In modifying this Assessment Activity, kaiako should ensure that it continues to meet the requirement to relate to life in Aotearoa New Zealand or the Pacific.

All evidence submitted by ākonga should be considered holistically against the requirements for this Achievement Standard.

Kaiako are able to decide on appropriate time frames for all stages of this Assessment Activity and should add these to the task before sharing with ākonga. Suggested timings for planning are approximately 30 minutes in groups and 20 minutes individually, but these are not fixed. Ākonga are able to complete work outside of class time. Kaiako should refer to the Conditions of Assessment tab for authenticity requirements.

Kaiako should consider different groups of ākonga as they modify this activity. What manipulatives can be used by ākonga to demonstrate understanding (for all levels of achievement)?

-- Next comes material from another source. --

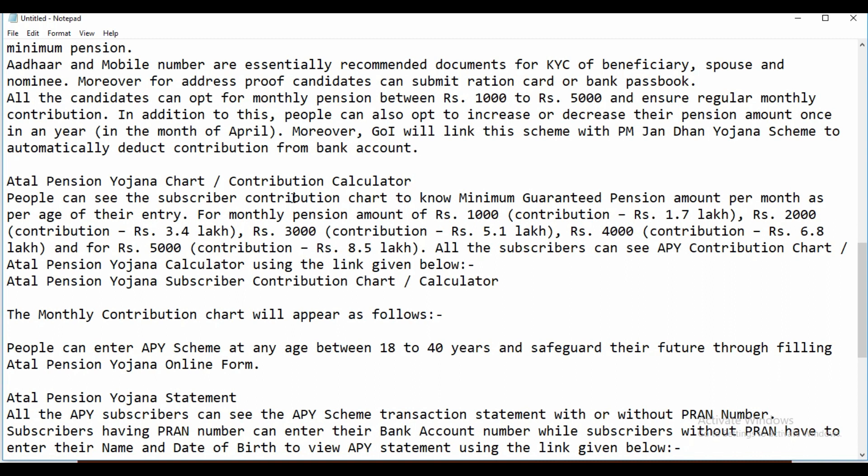APY will be linked with the PM Jan Dhan Yojana scheme to automatically deduct contributions from the bank. I will now show you the contribution calculator and chart for Atal Pension Yojana. People can see the subscriber contribution chart to know the minimum guaranteed pension amount per month as per age of entry. For a monthly pension of Rs 1,000, the total corpus is Rs 1.7 lakh; for Rs 2,000 it is Rs 3.4 lakh; for Rs 3,000 it is Rs 5.1 lakh; for Rs 4,000 it is Rs 6.8 lakh; and for Rs 5,000 it is Rs 8.5 lakh.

How can this activity be adapted to be accessible by every learner?

The mathematical methods used by ākonga should be clearly reflected in the list of processes given under the Conditions of Assessment and detailed in the Learning Matrix. As such, surface area and volume of cubes and cuboids would not produce evidence at the right level of achievement. More sophisticated models would need to be developed, such as a cuboid with a cylinder removed. Finding the surface area for such a composite prism would be at the right level of achievement. The Learning Matrix identifies shapes, other than rectangle based, that can be used on their own.

To be considered an appropriate process, the process used by ākonga must be a useful step in solving a problem. For example, using Pythagoras’ theorem in 3D to find the slope of a cone as a step towards finding its surface area would be an appropriate method. Using trigonometric ratios in the same problem to find the angle of incline of the side of the cone would not be an appropriate method in solving a problem related to surface area of a cone.

To gain Achievement, ākonga must use a minimum of four different processes from two of number, measurement, algebra, and geometry and space. For each process, ākonga must provide some evidence of what they are doing (correct answers only are insufficient). Where ākonga have access to appropriate technology, evidence could include digital graphs, sketches of graphs from a calculator, or written formulas with substitution and solution.

Numerical answers without units do not meet the standard. For example, in calculating an angle, ākonga must use the degrees symbol as part of the solution.

It is intended that major misconceptions relating to the context of the problem would be mitigated at the planning stage. Misconceptions related to the context do not prohibit any level of achievement, providing they do not significantly simplify the problems being solved. Where the problems are simplified, the correct level of achievement will be determined holistically by the evidence supplied. Carried errors should not be penalised.

In communicating solutions for higher levels of achievement, ākonga are not required to present perfect solutions. Some minor errors in conventions or rounding are allowed as long as the majority of evidence is correct.

In this activity the cost of pine can be considered for higher levels of achievement if the feature designed by ākonga includes the use of an additional appropriate process, such as using Pythagoras’ theorem or trigonometric ratios to find a length. Without a second connected process, finding the cost of the pine is not likely to contribute to evidence for the requirement to make logical connections.